Les 3 crimes du docteur Bas-de-Laine

Cela ressemble à un film d’horreur à petit budget.  Une croisée de chemins, vers la fin de la nuit : un corps étendu, lacéré de blessures profondes, mais vivant.  Cela tourne vaguement au grotesque quand on voit arriver un espèce de médecin de village qui cherche à vendre au blessé des petits sparadraps.  Lorsqu’il découvre qu’en réalité ces sparadraps sont empoisonnés, le spectateur risque de décrocher (c’est quand même un peu tiré par les cheveux, non ?) … mais son intérêt sera peut-être relancé s’il devine que le faux médecin fait partie de la bande d’escrocs qui a poignardé la victime.  Quelles peuvent bien être les mobiles cachés de ce docteur que ses amis assureurs surnomment, pour le taquiner, « docteur Bas-de-Laine » ?

Blessures profondes

Le corps blessé, dans notre histoire,  c’est le corps social.  Depuis trois générations, la Sécu l’avait guéri d’une ancienne malédiction : devenir vieux signifiait,  sauf pour les aristocrates, devenir pauvre.
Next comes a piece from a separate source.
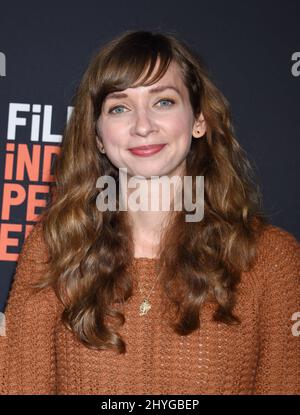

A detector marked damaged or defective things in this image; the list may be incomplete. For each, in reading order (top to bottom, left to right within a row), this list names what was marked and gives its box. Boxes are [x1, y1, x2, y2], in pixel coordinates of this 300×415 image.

rust knit sweater [0, 221, 300, 396]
Bien sûr la guérison n’était pas parfaite : bien des vieux, et surtout de vieilles, ont trop peu pour vivre dignement.  Mais du moins la grande majorité échappent à la grande misère,  ou à devoir dépendre entièrement de leurs enfants,  grâce à cette médecine merveilleuse : la cotisation sociale. Ceux qui travaillent prennent soin de ceux qui ne peuvent momentanément pas,  et de ceux qui ne travaillent plus,  ou pas encore. La figure des « Vieux » a bien changé depuis l’enfance de Jacques Brel : au lieu de vieillards usés attendant la fin dans la peur et la gène,  on a vu apparaître de nouveaux citoyens,  arrivant en bonne santé, vers 60 ans,  au seuil d’une seconde vie,  avec du temps,  de la liberté, des compétences acquises dans l’emploi et dans la vie … et des envies de vivre encore,  de loisirs,  de rencontres et de culture. Ces nombreux nouveaux citoyens sont d’ailleurs vite devenus indispensables : que serait notre vivre ensemble sans les millions de services que les seniors rendent à leurs proches,  dans leur quartier,  dans des associations … ?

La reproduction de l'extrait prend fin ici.